Sotheby’s have announced that it’s second Greek Sale of 2010 will take place in London on Monday, 22 November, 2010 and it will presenting rare and important works by eminent names in the field such as Nicos Hadjikiriakos-Ghika, Spyros Papaloukas and Constantinos Volanakis.
Nicos Hadjikiriakos-Ghika, Mistras, oil on canvas, 129 by 194cm., 50¾ by 76¼in., est: £150,000-200,000. Photo: Sotheby’s
Beginning and ending his life in Greece, Nikos Hadjikiriakos-Ghika (1906-1994) began his artistic scholarship under Konstantinos Parthenis in Athens, relocating to Paris to work in the studio of Dimitris Galanis. This erudite, well-travelled and sophisticated background nourished the artist’s individual concept of an analytic and mathematical form of modernism. His work came to be infused in theme, subject or spirit by a distinctively Hellenic character, and this visual vocabulary owed much to the methodical teaching of Parthenis, with its emphasis on geometric principles, and to the Byzantine art that Ghika cherished, and the work of artistic luminaries of the Parisian modernist enclave such as Pablo Picasso and Georges Braque. Sotheby’s sale will bring to the market one of the largest and most important works by the artist to appear at auction. In Mistras, Ghika transforms the vista into a pulsating, dynamic composition, in his manipulation of the space with folding planes of different decorative elements. It is estimated at £150,000-200,000.
Constantinos Volanakis (1837-1907) is an artist with whom Sotheby’s has had a successful track record in recent years and indeed established a new auction record for a 19th-century Greek painting ever sold at auction when the artist’s The Arrival of Karaiskakis at Faliro sold for £1.6 million in November 2008. The founding father of Greek marine painting will be represented in the forthcoming sale by Fishing Boat on Choppy Waters, estimated at £50,000-70,000 (oil on canvas, 53.5 by 67cm., 21 by 26¼in.). Volanakis’ interest in marine subjects was first exposed during his time as an accountant in his brother-in-law Georgios Afentoulis’s sugar refinery. There his sketches of the harbour and small ships on the firm’s ledgers drew the enthusiastic attention of his employer, and the artist was sent, with the financial backing of his family, to the Academy of Arts in Munich to study under Karl von Piloty. Following his studies he travelled to Venice and Trieste, cities whose picturesque ports and harbour-oriented topography would prove inspirational. It was during his stay in Vienna that Volanakis had the opportunity to travel throughout the Mediterranean in the Austrian navy’s training ship, which would prove the inspiration for his coastal and ocean scenes, and the characters that populate his beloved marine panoramas.

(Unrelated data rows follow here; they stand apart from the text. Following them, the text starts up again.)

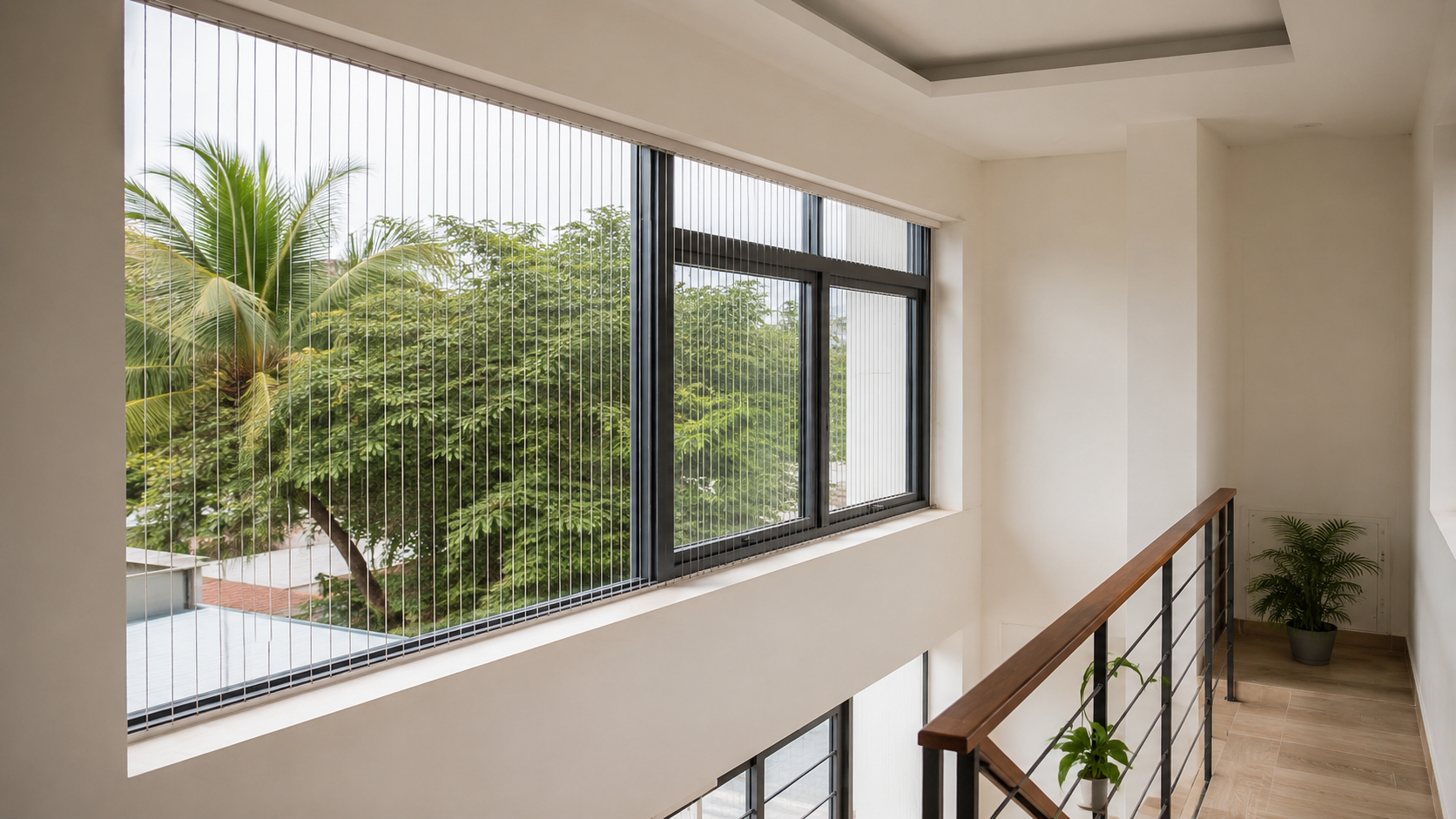 4 - Lưới an toàn cửa sổ - cầu thang trong không gian nhà phố.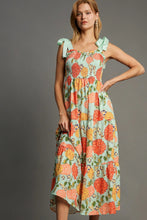 Load image into Gallery viewer, Umgee Floral Print Bow Tie Maxi Dress in Mint Mix
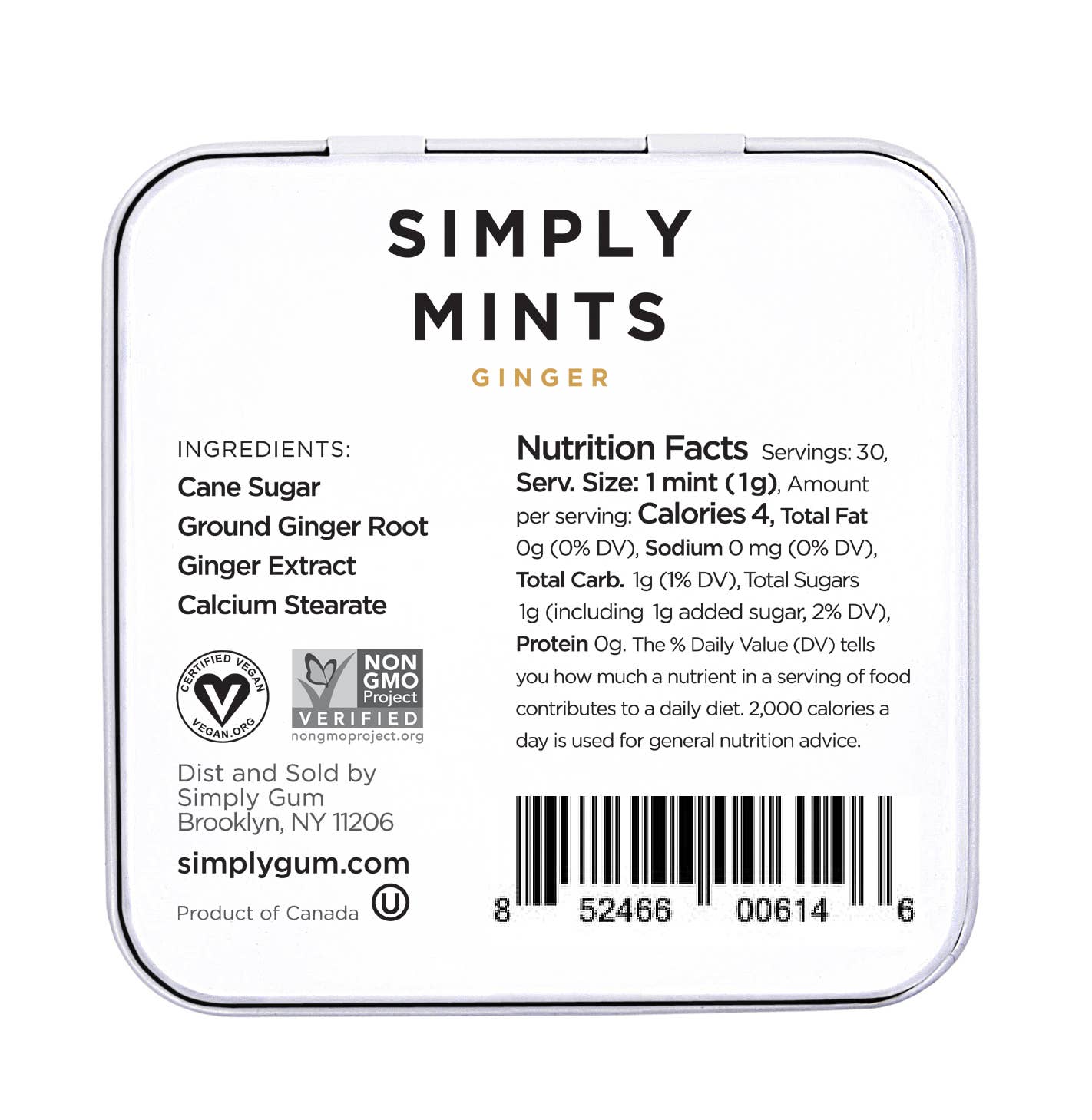 Simply Mints Ginger pack ingredients and details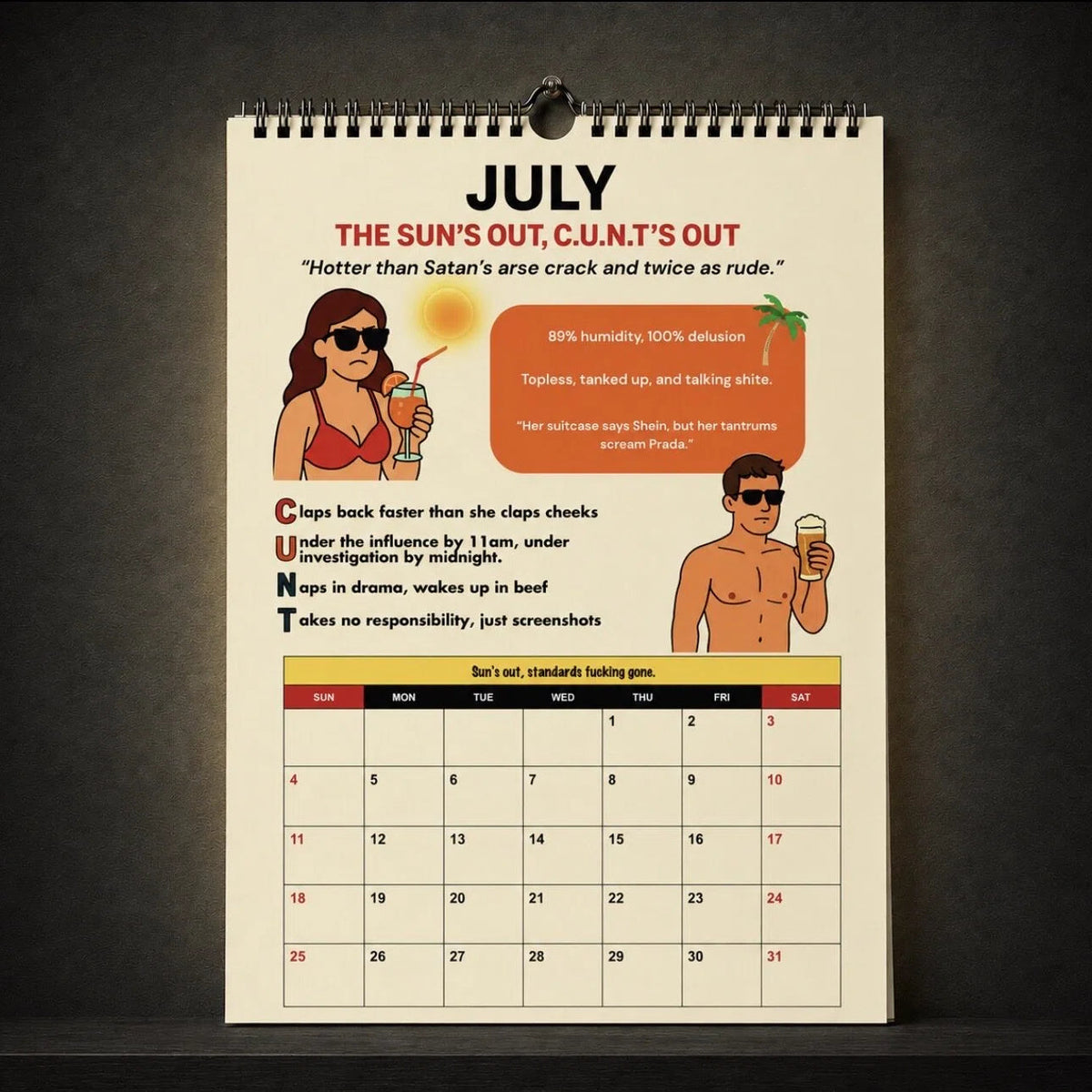 📅😂 2027 "C.U.N.T." Wall Calendar — 365 days of brutal honesty and unfiltered laughs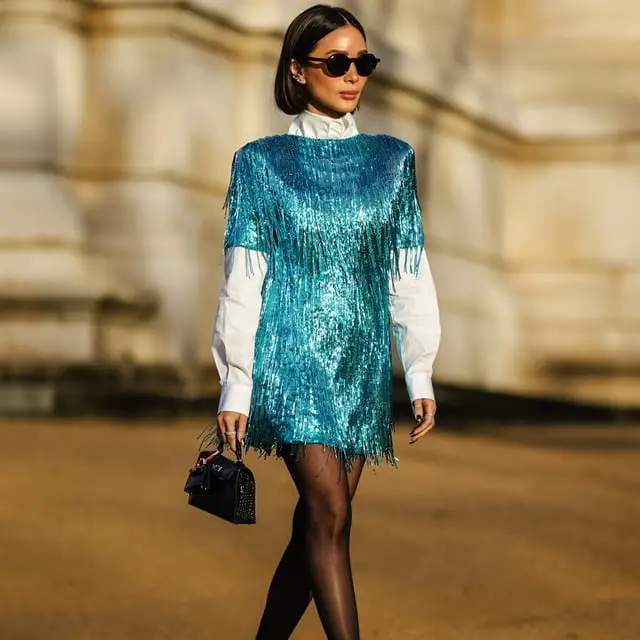 Blue Sequin Mini Dress Over White Shirt Blue Sequin Mini Dress Over White Shirt — Classy Layering Dress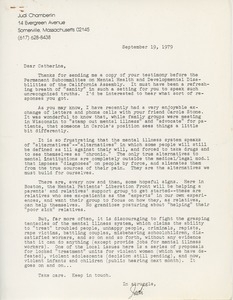 Letter from Judi Chamberlin to Catherine Kennedy-Jones
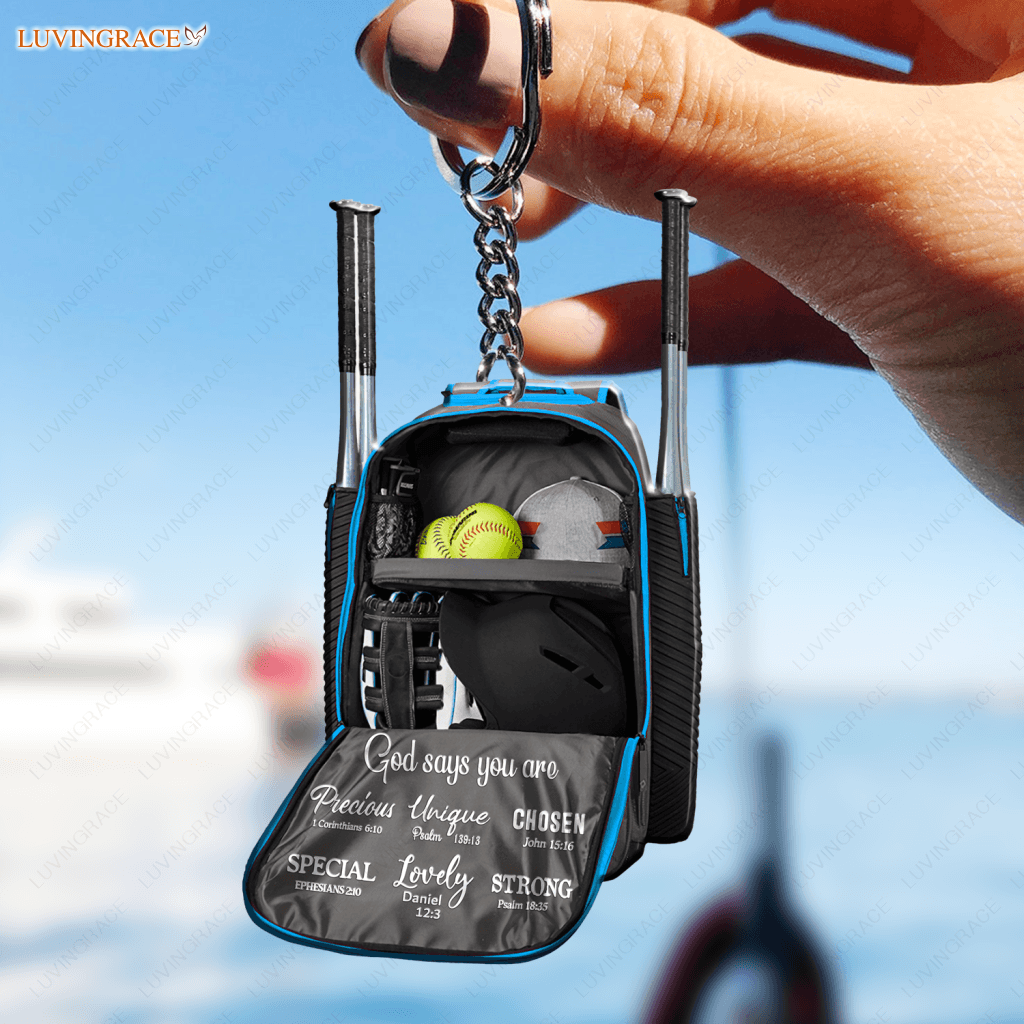 Softball Backpack God Says You Are Keychain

Kavsokalyvia, Mount Athos by Spyros Papaloukas (1892-1957), is a rich example of the artist’s finest works from his Mount Athos period. The Holy Skete of Kavsokalyvia is one of the most distant and remote Sketes of Mount Athos, built on a rugged terrain that surmounts a single rock on a cliff overlooking the sea. Paploukas travelled to the region in 1923 after a four-year stay in Paris. The aim of his trip into the wilds of nature was to further his studies of Byzantine iconography and paint the local scenery, as well as to generally recover from his traumatic experiences as a war artist in the Greek army during the Asia Minor campaign. Papaloukas initially trained as an apprentice to an icon painter and he sought comfort in his return to the Byzantine tradition. In his paintings of the landscape and people of his homeland he strove to incorporate the contemporary aesthetic of the Cubists, Impressionists, Nabis and Fauves, who had influenced him during his time in Paris. The monastery scene is estimated at £60,000-80,000 (oil on canvas, 46.5 by 41.5cm., 18¼ by 16¼in.).